§ **WHAT IS BEING ASKED**
Please copy the lines below, exactly as they are, from the one with "Concentrated Engineer Assembling" through the one with "sign, View more", and leave out the pictures.

====

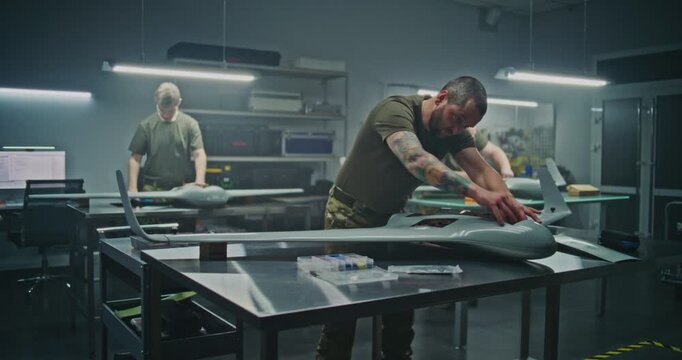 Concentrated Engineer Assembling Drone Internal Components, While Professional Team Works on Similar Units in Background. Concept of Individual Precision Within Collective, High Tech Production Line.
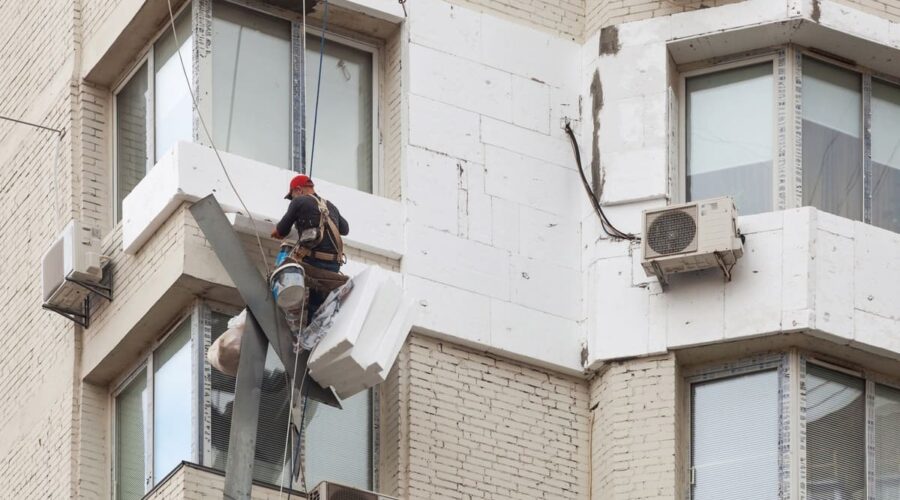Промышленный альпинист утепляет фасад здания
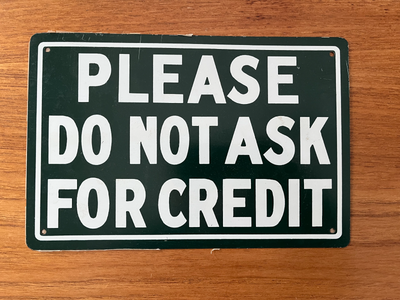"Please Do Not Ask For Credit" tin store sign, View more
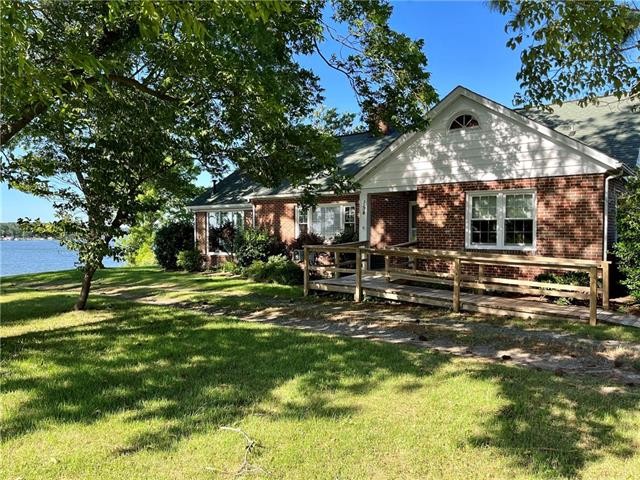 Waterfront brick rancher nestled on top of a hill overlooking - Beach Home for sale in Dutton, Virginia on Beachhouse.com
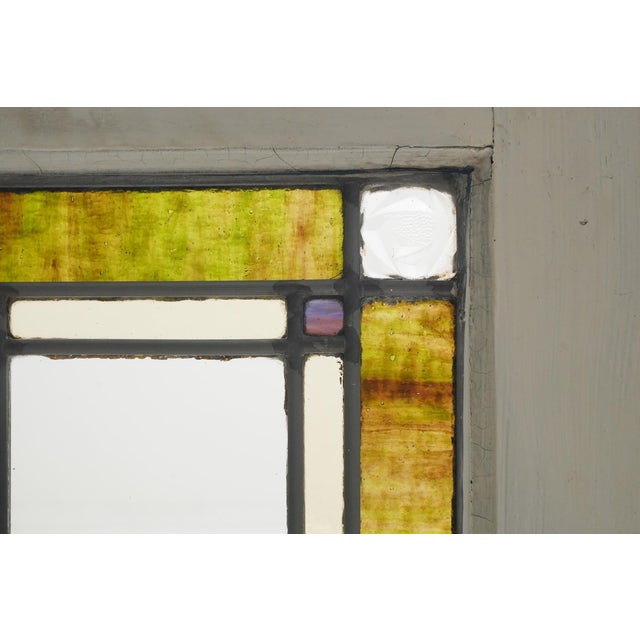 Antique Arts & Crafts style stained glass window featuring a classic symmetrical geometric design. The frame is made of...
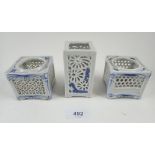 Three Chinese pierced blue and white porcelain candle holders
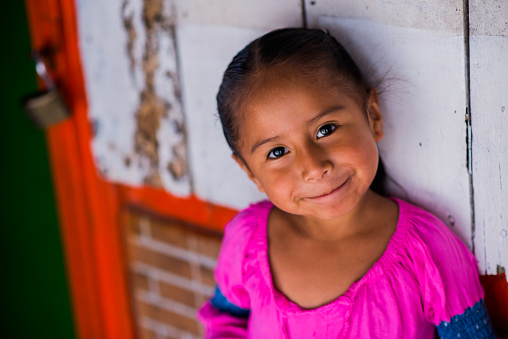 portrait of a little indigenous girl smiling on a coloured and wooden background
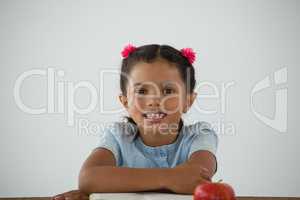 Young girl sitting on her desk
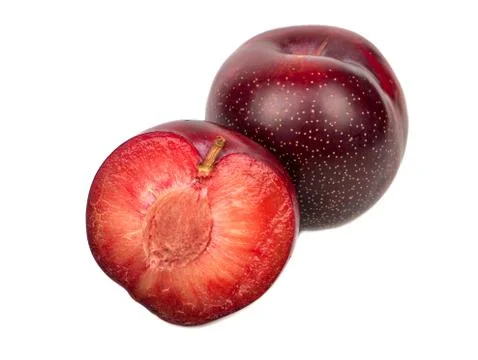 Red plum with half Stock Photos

====

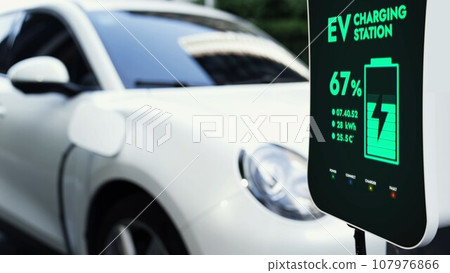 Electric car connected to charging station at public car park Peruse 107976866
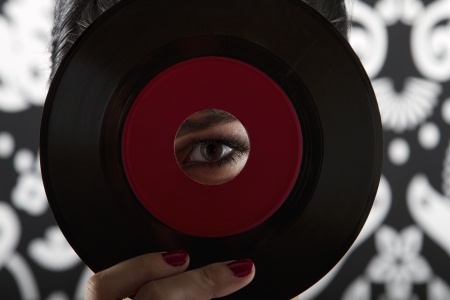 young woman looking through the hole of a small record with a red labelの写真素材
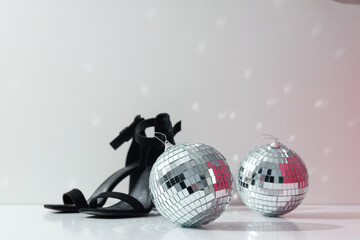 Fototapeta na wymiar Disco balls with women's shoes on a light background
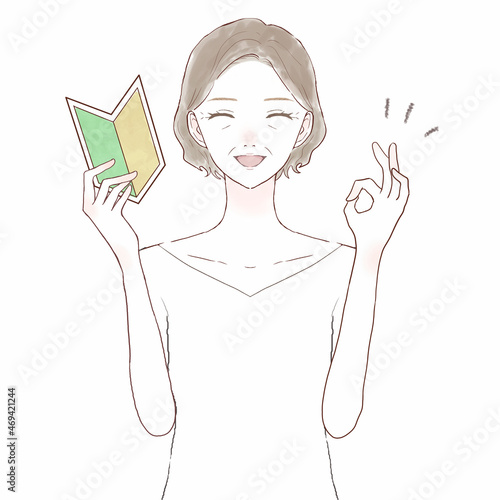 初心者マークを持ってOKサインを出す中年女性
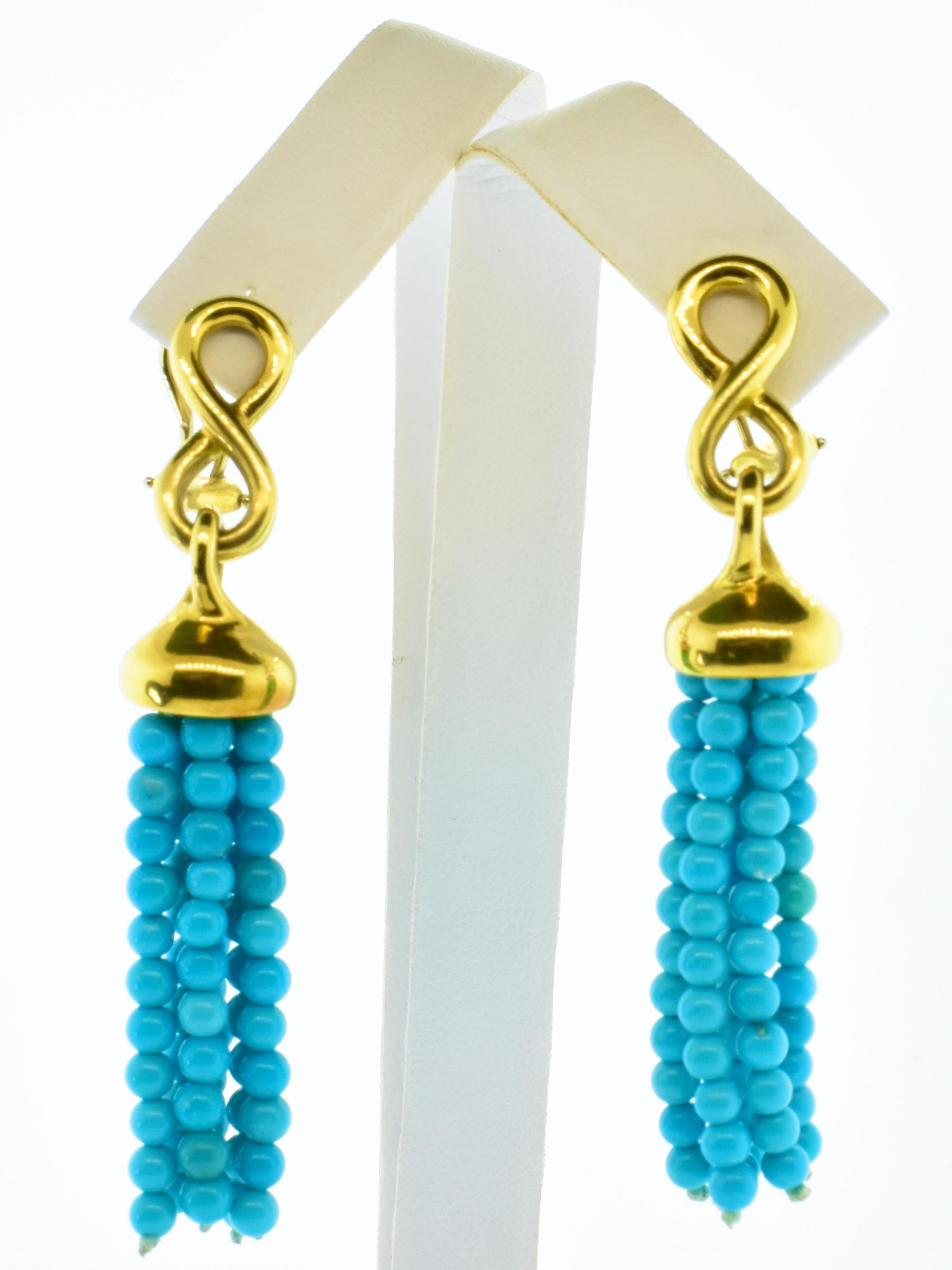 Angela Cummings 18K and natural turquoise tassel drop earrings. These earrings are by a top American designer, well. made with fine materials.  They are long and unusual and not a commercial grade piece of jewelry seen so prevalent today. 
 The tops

====

§ **TASK RESPONSE**
 Concentrated Engineer Assembling Drone Internal Components, While Professional Team Works on Similar Units in Background. Concept of Individual Precision Within Collective, High Tech Production Line.
Промышленный альпинист утепляет фасад здания
"Please Do Not Ask For Credit" tin store sign, View more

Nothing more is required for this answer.